Segment Open

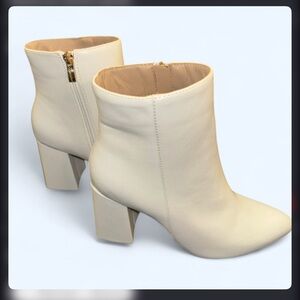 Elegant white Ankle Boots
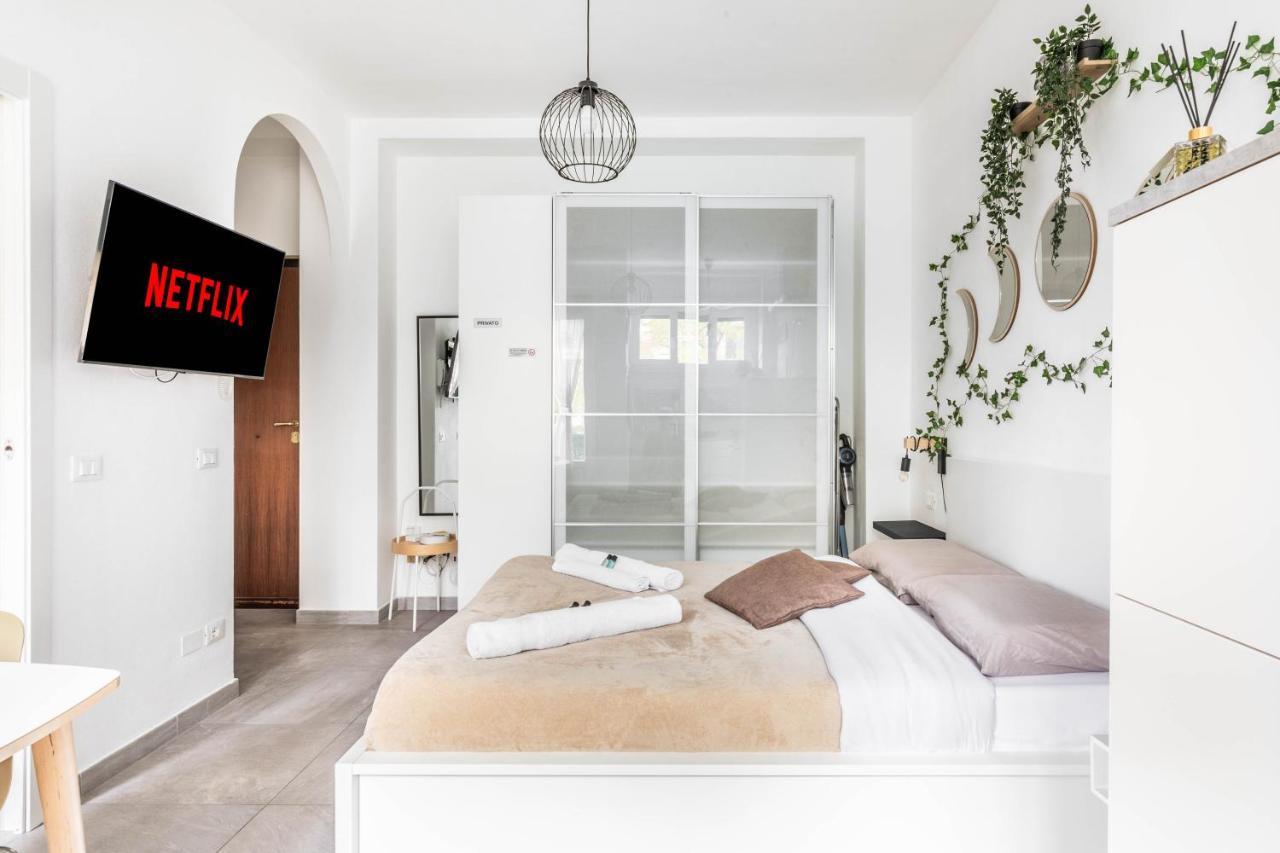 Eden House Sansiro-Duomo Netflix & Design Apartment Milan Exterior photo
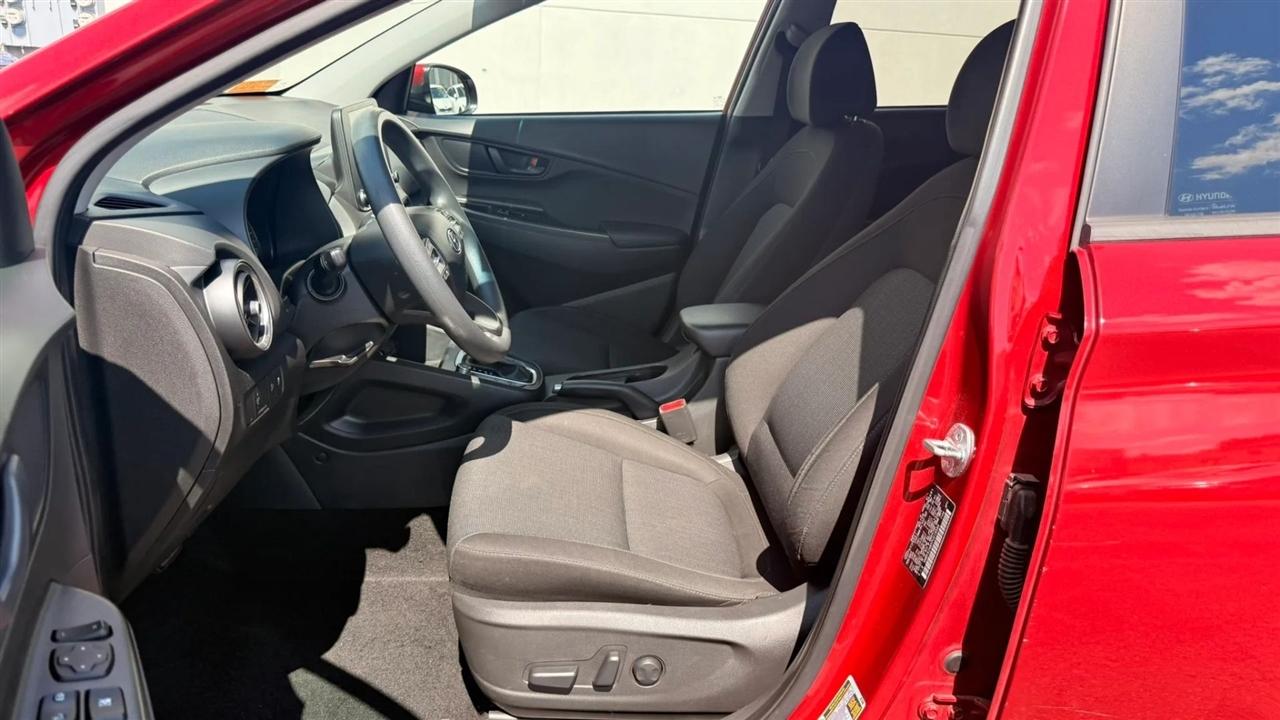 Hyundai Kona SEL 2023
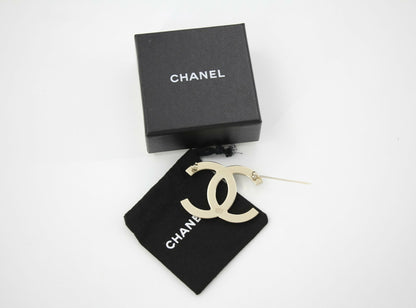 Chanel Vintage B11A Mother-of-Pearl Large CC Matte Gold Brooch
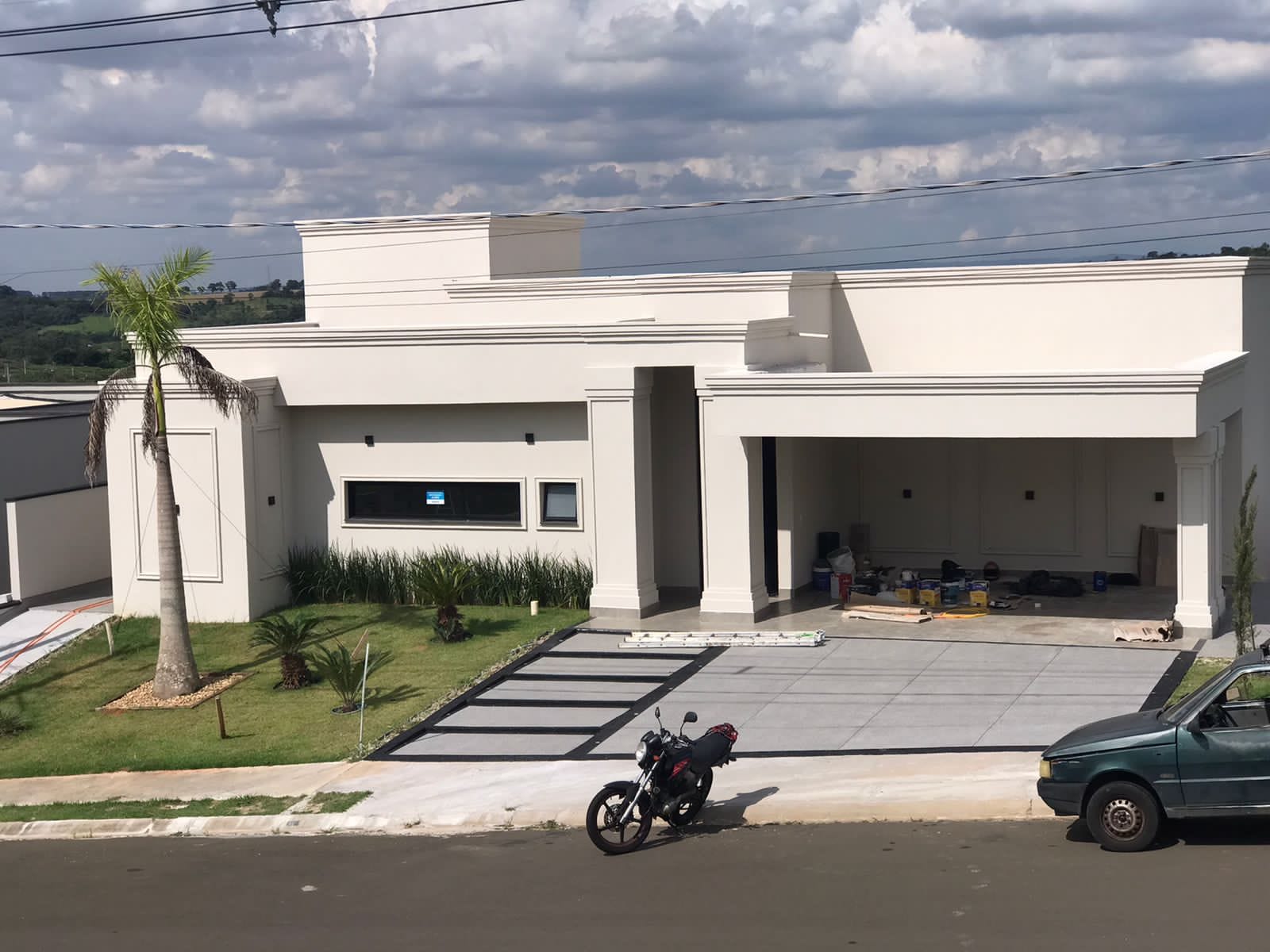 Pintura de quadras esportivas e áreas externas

Segment Closed

## [EXERCISE GOAL]
Where the data includes pictures, leave them out and write out everything else exactly.

## [TASK ANSWER]
 Elegant white Ankle Boots
 Eden House Sansiro-Duomo Netflix & Design Apartment Milan Exterior photo
 Hyundai Kona SEL 2023
 Chanel Vintage B11A Mother-of-Pearl Large CC Matte Gold Brooch
 Pintura de quadras esportivas e áreas externas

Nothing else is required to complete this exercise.